Sur l'action civile la Confédération Syndicale des Familles et l'Organisation générale des Consommateurs ont été déclarées recevables dans leur constitution de partie civile et MM. D et L ont été condamnés solidairement à payer à chaque association la somme de 2 000 F à titre de dommages-intérêts outre des frais irrépétibles respectivement de 1 500 F et de 500 F.

M. L et M. D ont relevé appel des dispositions pénales et civiles du jugement, le Procureur de la République a relevé appel des dispositions pénales.
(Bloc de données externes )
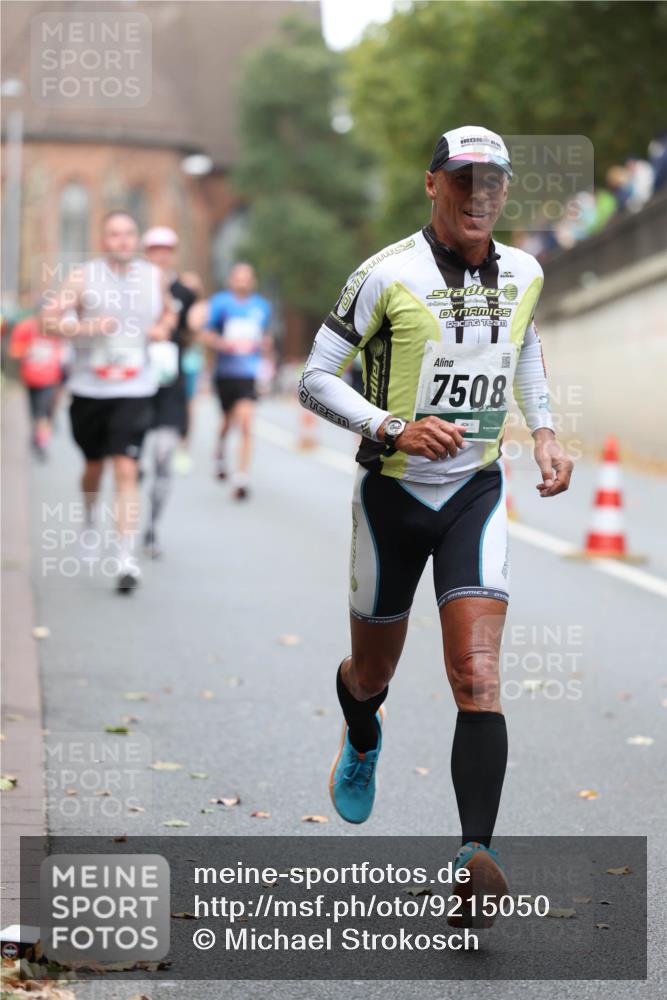 05.10.2025 - 20. swb-Marathon Bremen Michael Strokosch http://msf.ph/oto/9215050 05.10.2025 12:41:41 Laufen 7508 meine-sportfotos.de
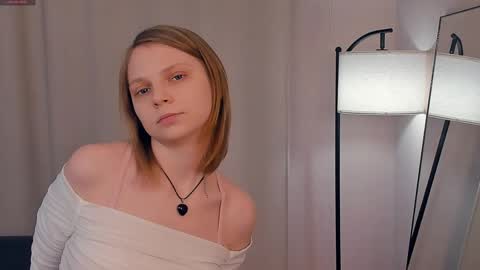 Snapshot of tierarote chatting on March 2026 09:16:01 AM Lily online show from March 2026 09:16:01 AM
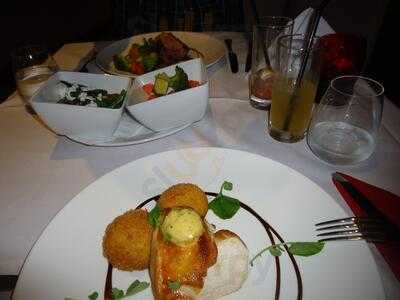 Zoe's Brasserie & Bar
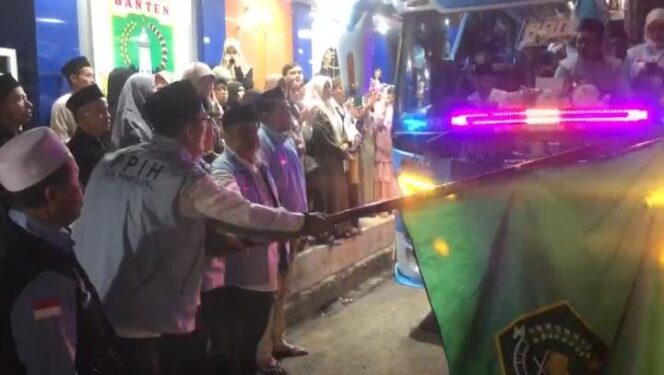 
					Kemenag Pandeglang Lepas Belasan Jamaah Haji Asal Pulosari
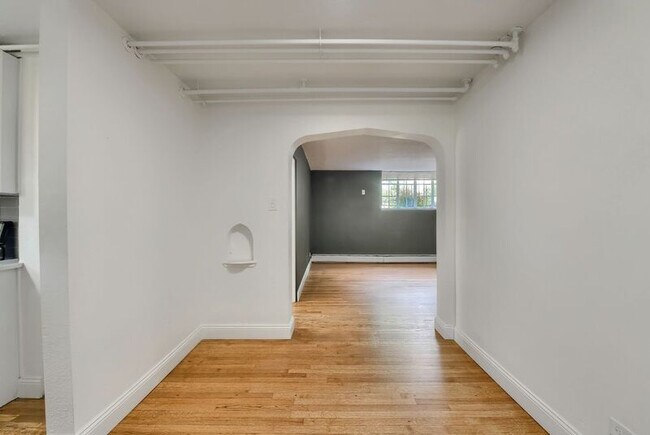 Building Photo - 2233 Kearney St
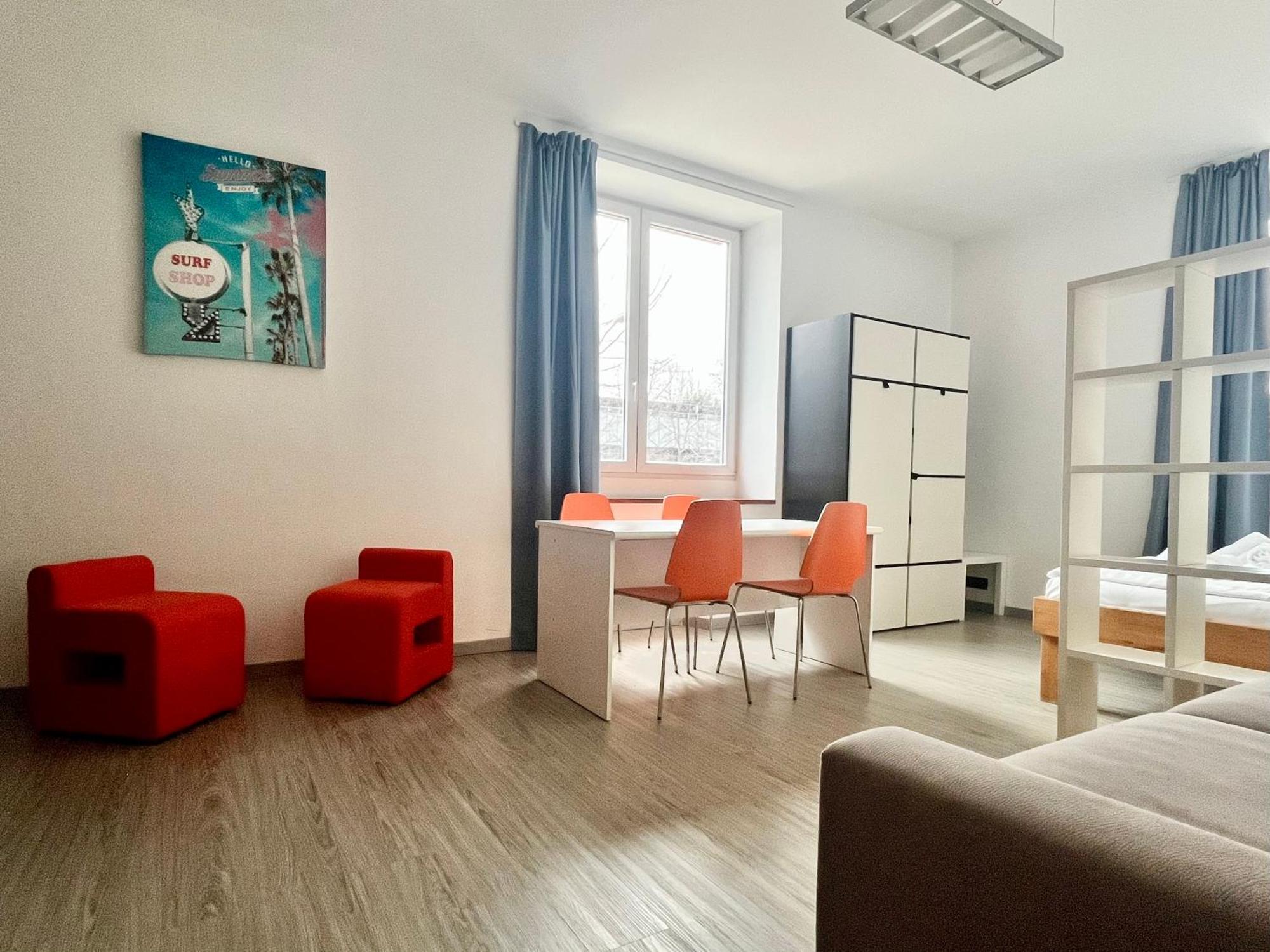 Guesthouse University By Lr - Self Check In Лугано Экстерьер фото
A l'audience du 28 mai 2002, devant la cour:

- la Confédération Syndicale des Familles - CSF - représentée, a, par conclusions déposées à l'audience, demandé la confirmation du jugement et l'allocation de la somme complémentaire de 380 euros par application de l'article 475-1 du Code de procédure pénale,

- l'Organisation Générale des Consommateurs - ORGECO - représentée a demandé, oralement, la confirmation du jugement et l'allocation de 150 euros en application de l'article 475-1 du Code de procédure pénale,

- l'Avocat général a fait observer que, si M. L avait parlé de l'accident, il l'avait sous-estimé et que M. D n'avait pas été attentif de façon suffisante, surtout pour un professionnel; il a requis la confirmation du jugement,

- M. D, comparant et assisté a, oralement et par conclusions, demandé la relaxe.

Il soutient qu'il n'y a pas de tromperie; il expose en effet que M. L a volontairement minimisé, pour mieux les occulter, la gravité et les conséquences de l'accident pour négocier un prix de reprise maximum; il affirme que, lors de la reprise, la société Gam a procédé aux vérifications d'usage et que, d'ailleurs, en mai 1997, ni le garage Rover de Pinsaguel ni les Ets Dac Auto Bilan de Muret n'ont révélé l'existence d'un passage au marbre du véhicule.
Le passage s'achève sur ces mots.